Bud didn’t want Nora to leave. He could tell she didn’t believe all the things he’d said, the stories he’d told her about what he’d made of himself, and how close he’d come to fighting for a title. She needed to know. Nora needed to know.

“Please,” he said, looking at her behind the wheel of the expensive automobile. “Come up just for a minute. I’ve got something I want to show you. Please. It’s been a long time, and I just-please.”

What’s the proper payback for someone who’s saved your life? Certainly more than she’d given so far.

“I’d love to, but-there’s no place to park.” It was automatic, the quintessential San Francisco excuse.

“There’s a space right there,” he said, pointing.

She’d never been inside squalor, only driven past. Everything about the building scared her: the creaking of the old warped floors, the stains and graffiti all over the walls, the neglect that hung in the dingy corridor, the misery she imagined behind every door. When she heard the muffled screaming of a baby, she thought she’d be sick. And the worst part was, she knew this wasn’t the bottom.

Bud lived at the far end of the second floor. One bedroom, a bathroom with a shitty shower. A hot plate, no stove. He kept it clean as a whistle.

Uncle Bob had four rooms, an ocean view from each, and a staff of nurses ’round-the-clock: eight thousand dollars a month.

“Wait here,” he told her. “You can sit right there if you like. I can make tea or coffee.”

“That’s okay. I can’t stay long.”

She sat at a small Formica-topped table while he went into the next room and rummaged around. A narrow band of sunlight cut through the window, slicing between buildings across the alley. Bud Callum came back with a scrapbook, which he set in front of her.

“Just look at it for a minute,” he said. “So you’ll know. You’ll know I wasn’t making that stuff up. You think there’s something wrong with me, that I’m ready for the nut house. But I did all that. Here, look. It’s real.”

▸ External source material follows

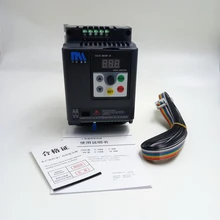 2.2KW 3HP 1Ph Двигатель VFD Выход 220 В 9.5A частотно-регулируемый привод Высокая производительность для Токарные станки 3 фазы асинхронного Двигатель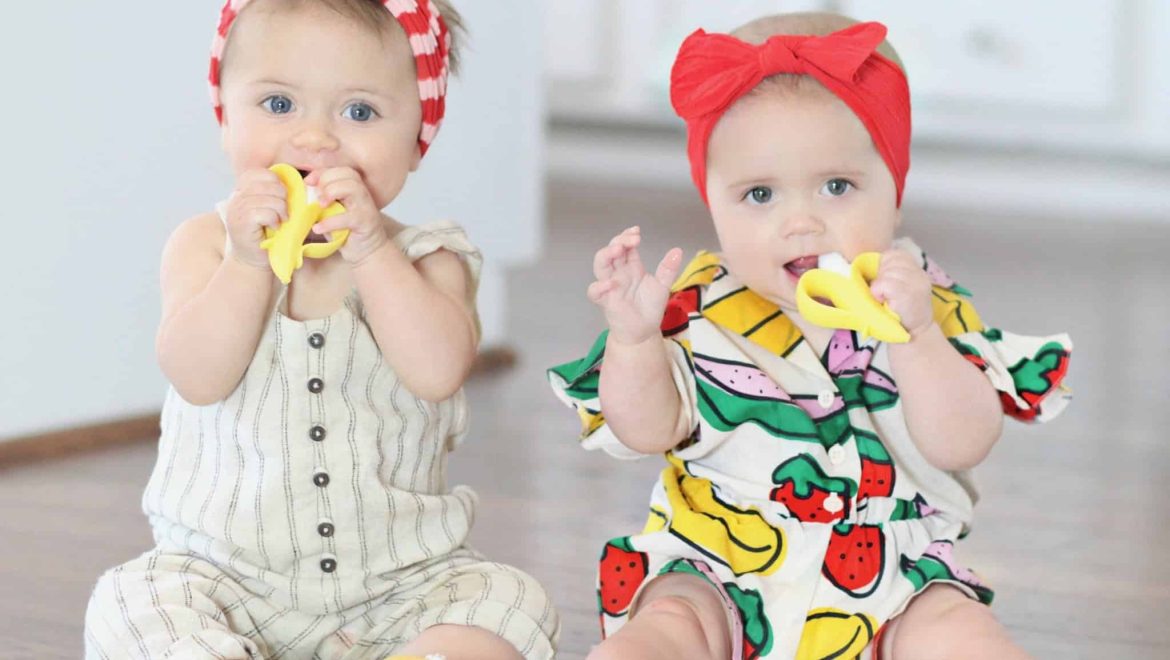 חדש לתינוקות: לצחצח עם בננה!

She slowly turned the black pages, scanning a procession of brittle clippings that told the tale of Bud Callum’s rise. It was a hell of a life, a lot more dramatic than anything Uncle Bob had ever done. Looking at a big halftone of Bud throwing a punch, Hanna had to laugh. “My lucky day,” she said, tapping the picture. “At precisely the right moment, this guy came into my life.”

Bud smiled and went back to the other room. From the top shelf of the closet he pulled down his old foot locker and flung it on the bed. He started digging through it. Nora’s pictures were in there. Weren’t they? This is where he kept them, where they’d always been. She’d see the resemblance, once he showed her. Nora. He hadn’t looked at those pictures in ages. Or had he? They’d better be here. Joan better not have moved them, or thrown them out.